Skip to content

Remote launcher plugin

PatchedSlurmQueueConf dataclass #

Bases: _AddedArgumentsConf, SlurmQueueConf

Adds more SLURM parameters to the config for the SLURM submitit launcher of Hydra.

signal_delay_s class-attribute instance-attribute #

signal_delay_s: int = 120

USR1 signal delay before timeout.

max_num_timeout class-attribute instance-attribute #

max_num_timeout: int = 0

Maximum number of retries on job timeout.

Change this only after you confirmed your code can handle re-submission by properly resuming from the latest stored checkpoint. check the following for more info on slurm_max_num_timeout https://github.com/facebookincubator/submitit/blob/master/docs/checkpointing.md

additional_parameters class-attribute instance-attribute #

additional_parameters: dict[str, Any] = field(
    default_factory=dict
)

Useful to add parameters which are not currently available in the plugin.

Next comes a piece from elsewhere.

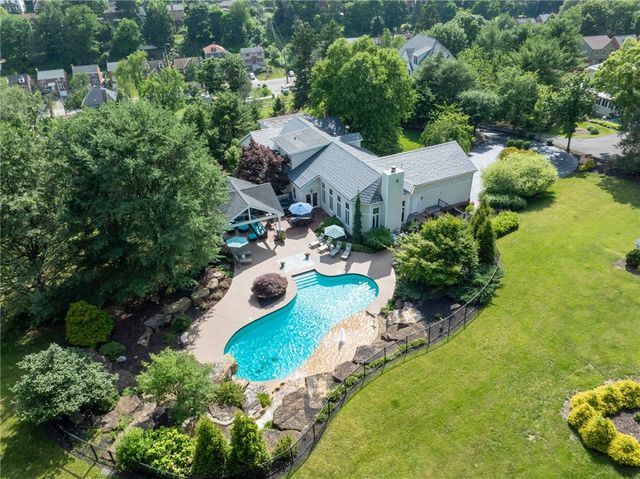 811 Rockwood Ave, Mt Lebanon, PA 15234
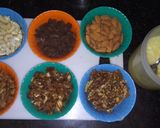 A picture of step 1 of Mix Dry Fruit Ladoo Sugar free.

Eg: {"mail-user": "blublu@fb.com", "mail-type": "BEGIN"}

array_parallelism class-attribute instance-attribute #

array_parallelism: int = 256

Maximum number of jobs running in parallel.

setup class-attribute instance-attribute #

setup: list[str] | None = None

A list of commands to run in sbatch before running srun.

get_slurm_accounts cached #

get_slurm_accounts(cluster: str) -> list[str]

Gets the SLURM accounts of the user using sacctmgr on the slurm cluster.